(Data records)

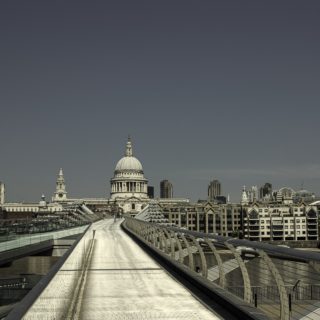 Υπάρχει Κανείς Στο Λονδίνο;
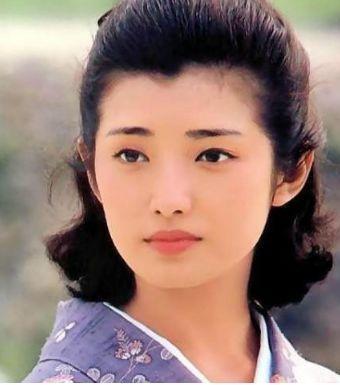 60岁山口百惠近照曝光,昔日亚洲巨星成大妈,全日本都等她复出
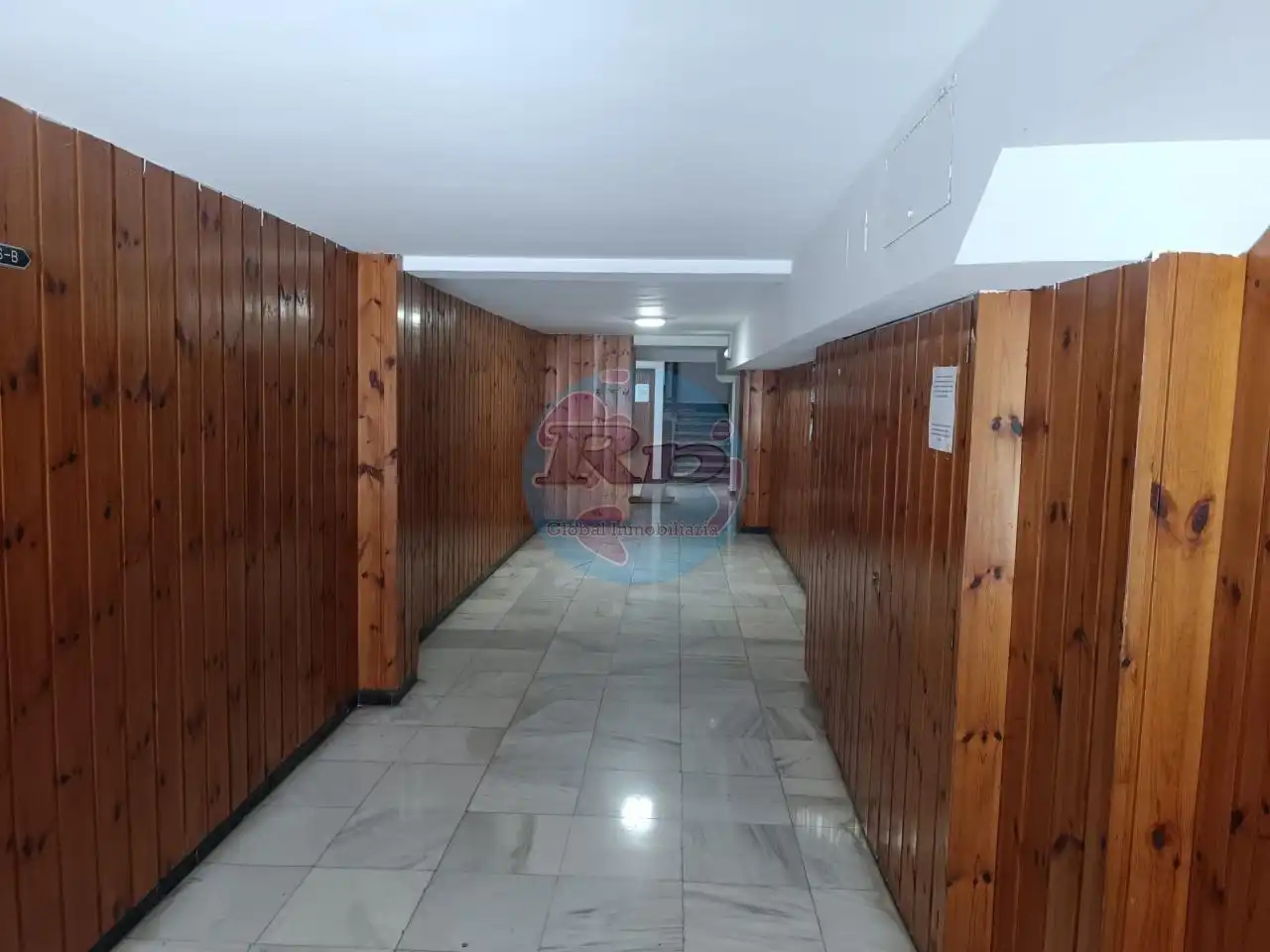 Apartament en venda en León Capital  amb Parquet i Terrassa
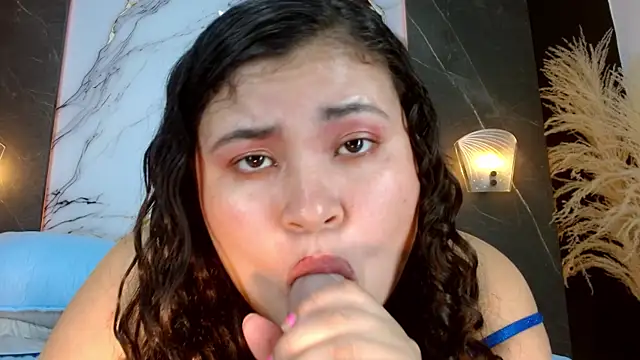 KellyShibary webcam
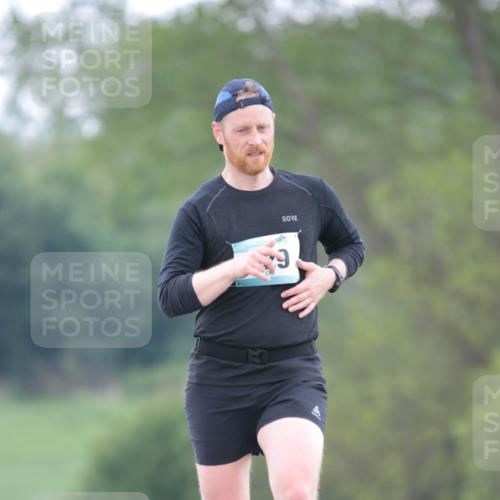 05.05.2024 - 7. Wedeler Halbmarathon H.Heesch http://msf.ph/oto/6223272 05.05.2024 11:19:41 Laufen 56, 6 meine-sportfotos.de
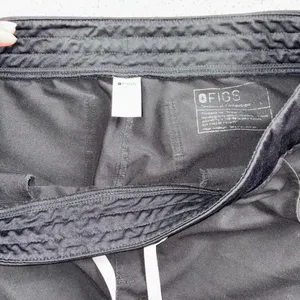 FIGS Zamora Technical Black Scrub Jogger Size L Medical Technical Stretch Career thumbnail 4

● **WORK REQUEST**
Leave out the pictures and repeat the remaining data exactly.

● **SOLUTION TO THE PROBLEM**
 Υπάρχει Κανείς Στο Λονδίνο;
 60岁山口百惠近照曝光,昔日亚洲巨星成大妈,全日本都等她复出
 Apartament en venda en León Capital  amb Parquet i Terrassa
 KellyShibary webcam
 05.05.2024 - 7. Wedeler Halbmarathon H.Heesch http://msf.ph/oto/6223272 05.05.2024 11:19:41 Laufen 56, 6 meine-sportfotos.de
 FIGS Zamora Technical Black Scrub Jogger Size L Medical Technical Stretch Career thumbnail 4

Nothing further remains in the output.